As Mike illustrated, your bigger worry isn't so much the body-to-truck mounted couplers on curves, but the body-mounted couplers on reverse curves (passing sidings, crossovers). We run nominally the same equipment on my dad's railroad as you do on yours. We've been running body-mounted Kadee#1 couplers for 25 years over R3 (3.8' radius) switches and passing sidings. I can't imagine you'd have any issues with the larger G-scale couplers. If you start running the longer 1:20 equipment, then you're gonna have issues. I just tried two 1:20 passenger cars through a 5' radius crossover; they wanted no part of that. But with the shorter 1:22 equipment, you should be fine. 

Later, 

K


----------



## steam5 (Jun 22, 2008)

When I got my first couple of 1:20.3 AMS freight cars I ran them through R2 curves okay from memory. They have body mount couplers. 

Alan


----------



## San Juan (Jan 3, 2008)

Judging from all of your very helpful posts, I think I'll be OK.

I'll get a few 830s and see what happens. If they don't work out, at least I know truck mounts work fine


----------



## Greg Elmassian (Jan 3, 2008)

I prefer the 830's for the realistic slack action. By the way, there are the new couplers available, so you might want to look into them, they have an improved appearance, are even stronger, and the knuckle return spring is now pretty much hidden. 

The "casting" also looks a lot more realistic. 

Regards, Greg


----------



## San Juan (Jan 3, 2008)

I like the slack action of the 830 style box as well.


When I get some for testing, they will be the "new look" versions. The new more prototypical looking coupler is partly the reason why I thought about converting to body mounts.

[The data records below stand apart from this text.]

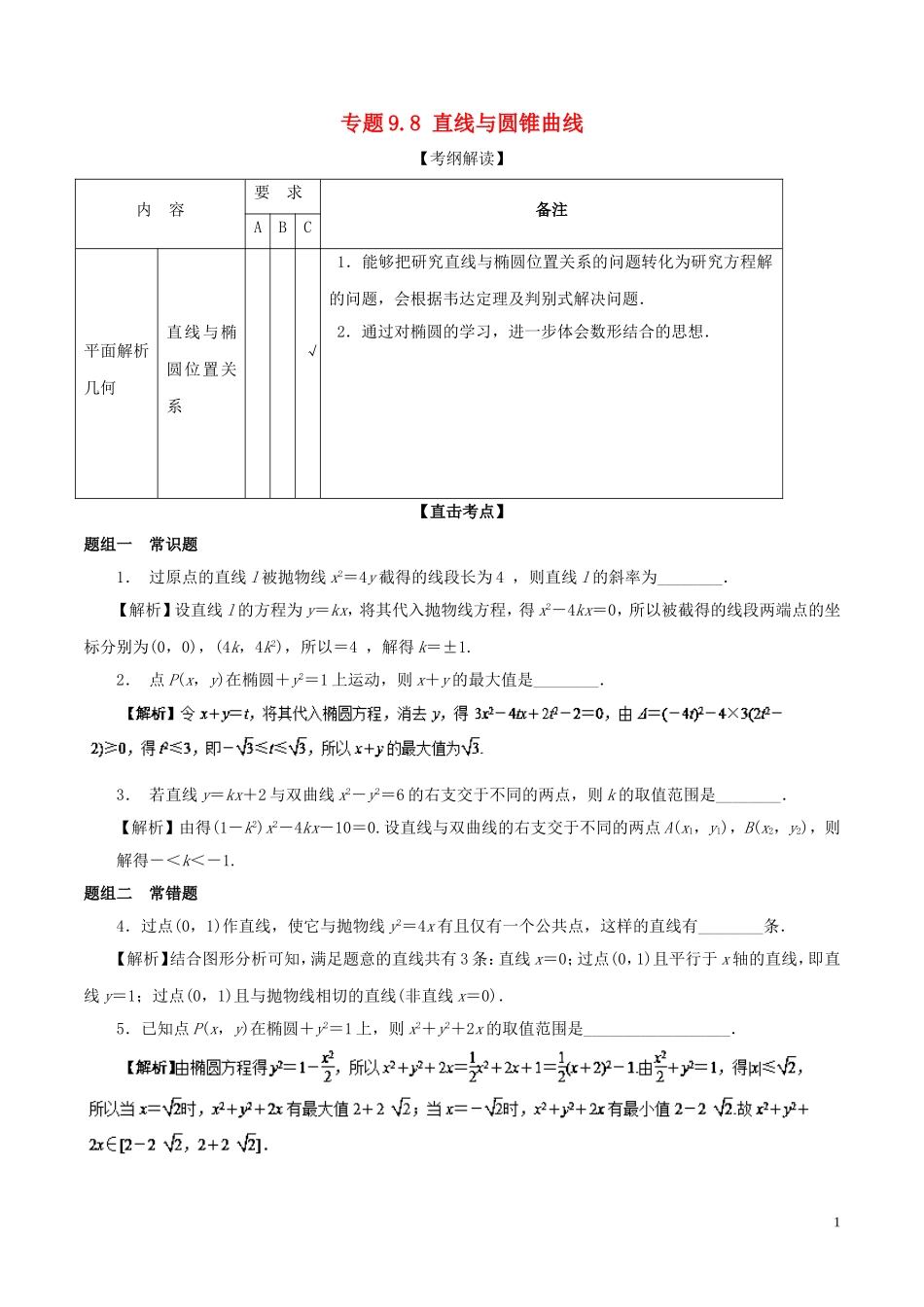 （江苏版）高考数学一轮复习 专题9.8 直线与圆锥曲线（讲）-人教版高三全册数学试题_第1页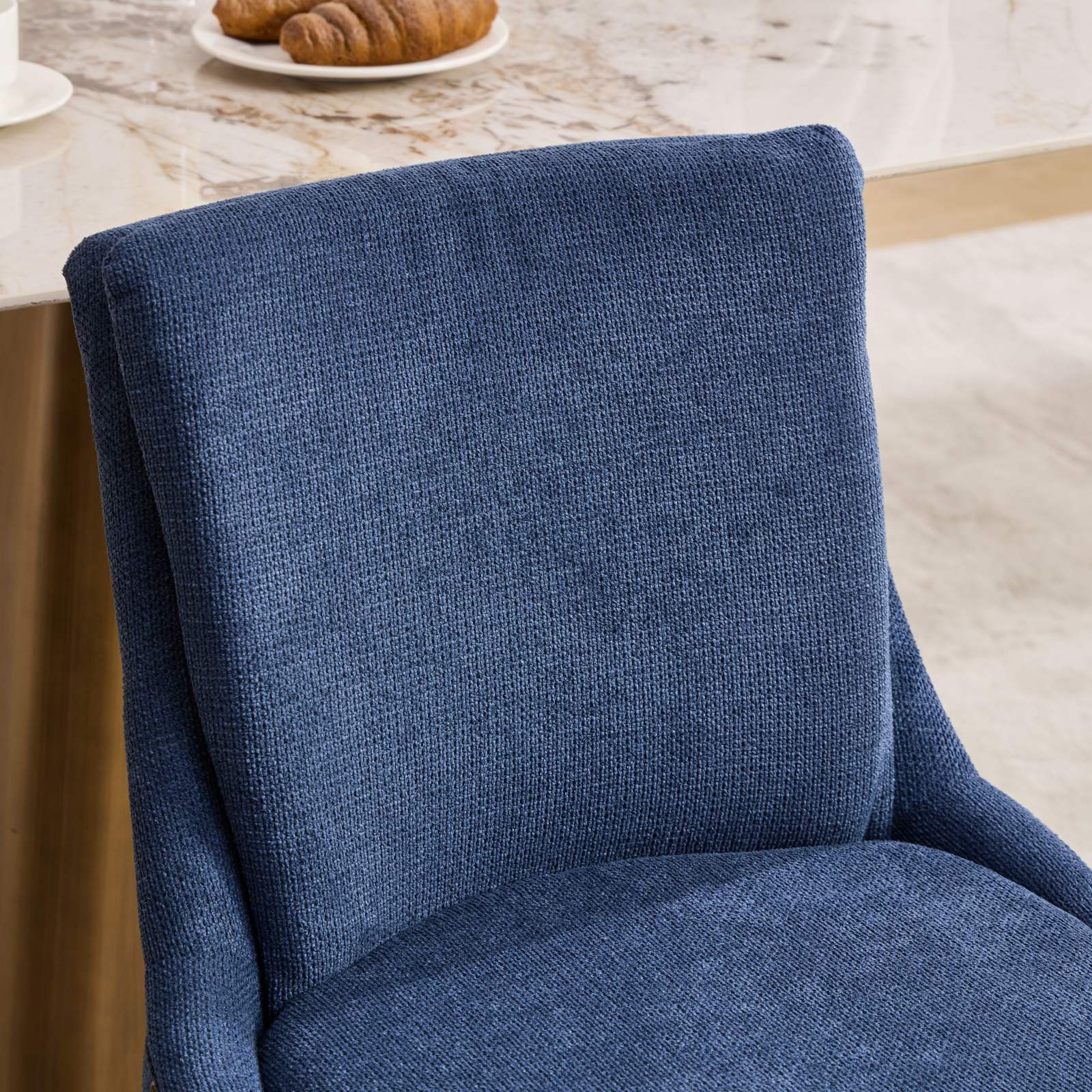 ChenilleUpholstered Dining Chairs with Curved Solid Wood Legs, Set of 2
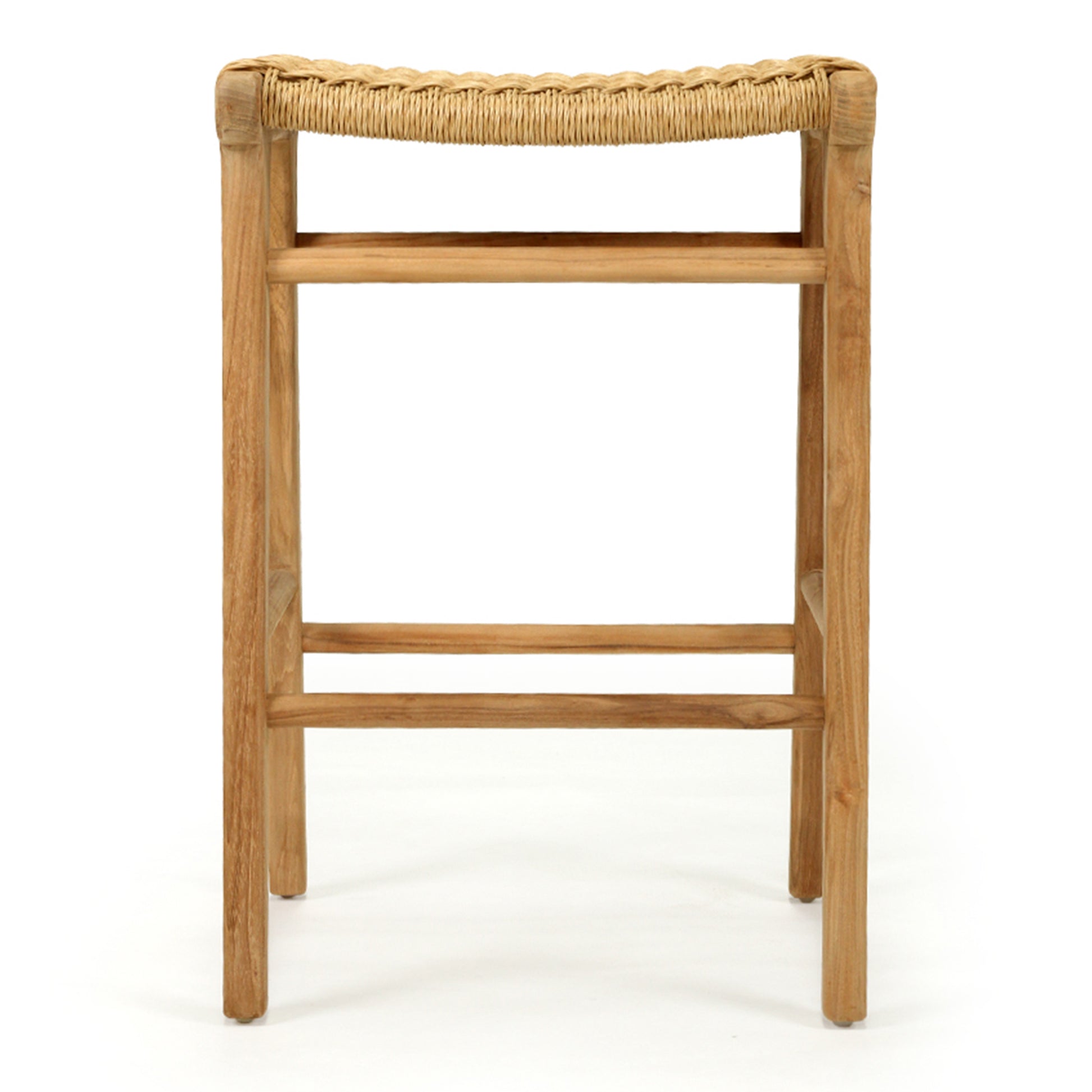 Rear view of the Zen Backless Bar Stool – Sand – Open Weave highlighting frame construction and handwoven seat.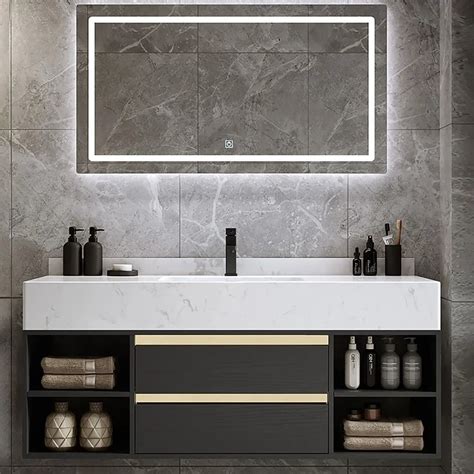 Floating Bathroom Vanity With Top Wall Mounted Vanity Cabinet Single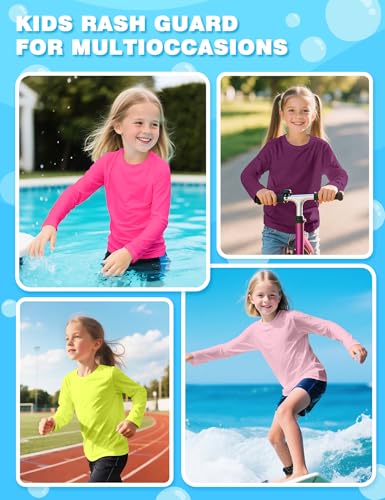 Boys Long Sleeve Rash Guard Swim Shirt UPF 50+ - Rose Red, 7-8 Years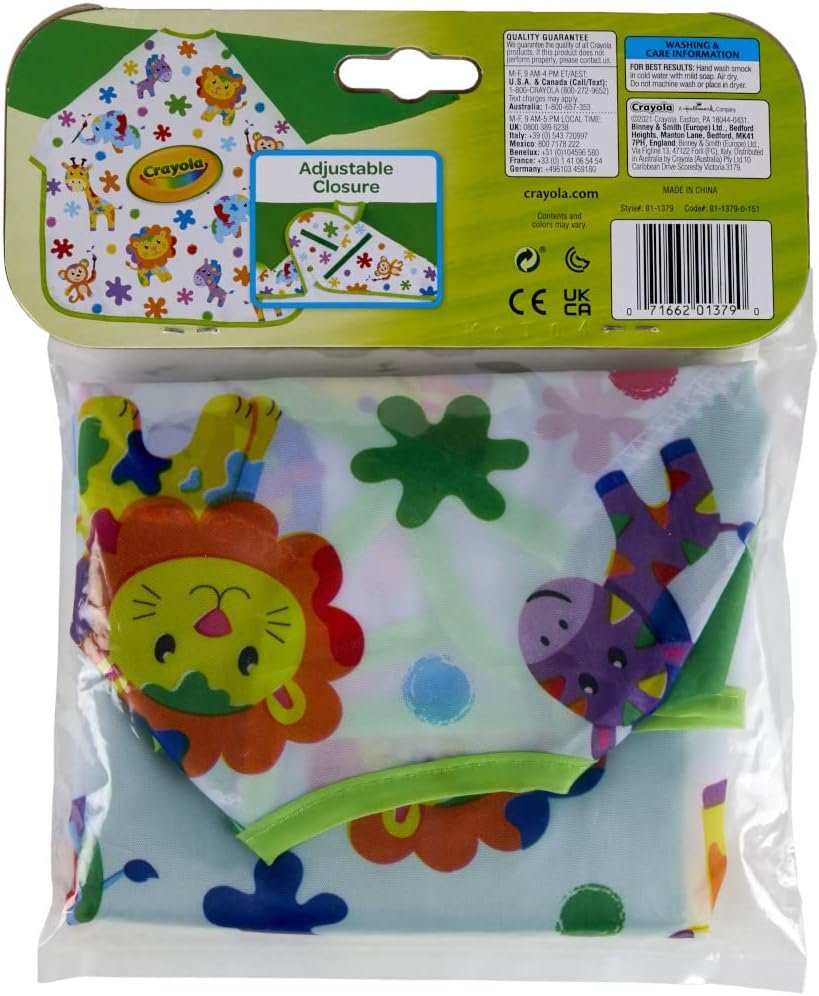 Crayola Art Smock for Toddlers, Small Waterproof Bib, Best Fit for Age 1 (12 Months), 1 x 7-1/5 x 8-1/10 In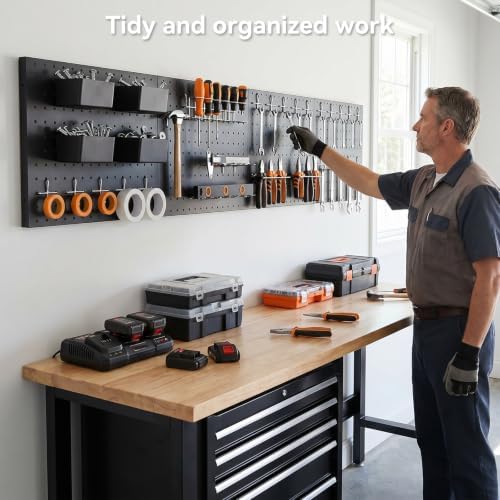 Black Peg Board, 4 Pack Metal Pegboard with Hooks, 71pcs Pegboard Kit, Pegboard Wall Organizer, Heavy Duty Peg Boards for Walls Home Office, Garage Tool Storage, Workbench, Craft Room - Image 2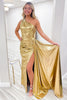 Load image into Gallery viewer, Metallic Gold Corset Mermaid One Shoulder Long Prom Dress with Slit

If anyone is unfamiliar with the "new" Kadee couplers. Here is a link: New Generation Kadee G Couplers


----------



## Torby (Jan 2, 2008)

You use the 830 box with the "shank" style coupler?

















Or with the Centerset?










I like the slack action too. Saw it at Cozads with his 64 hoppers.


----------



## Mike O (Jan 2, 2008)

Matt, 

Number 4 switches have a closure radius of about 48". The radius through the points is actually a bit tighter. if you are using switches designed to replace a curve section of track, then it isn't an issue. Couplers with shanks are more forgiving than the centerset that Torby showed above. As Jim pointed out the length of the cars is an important variable, but the distance between the truck center and the coupler is just as important. Too much and the ends of the cars swing too far out. That said, most of your 1:22.5 cars should not have a problem. I can run two 25" long Hartford passenger cars through my number 4 crossover largely due to the small, but important, tangent track connecting the diverging legs of the switches. The parallel track is on 7.5" centers. 

Mike


----------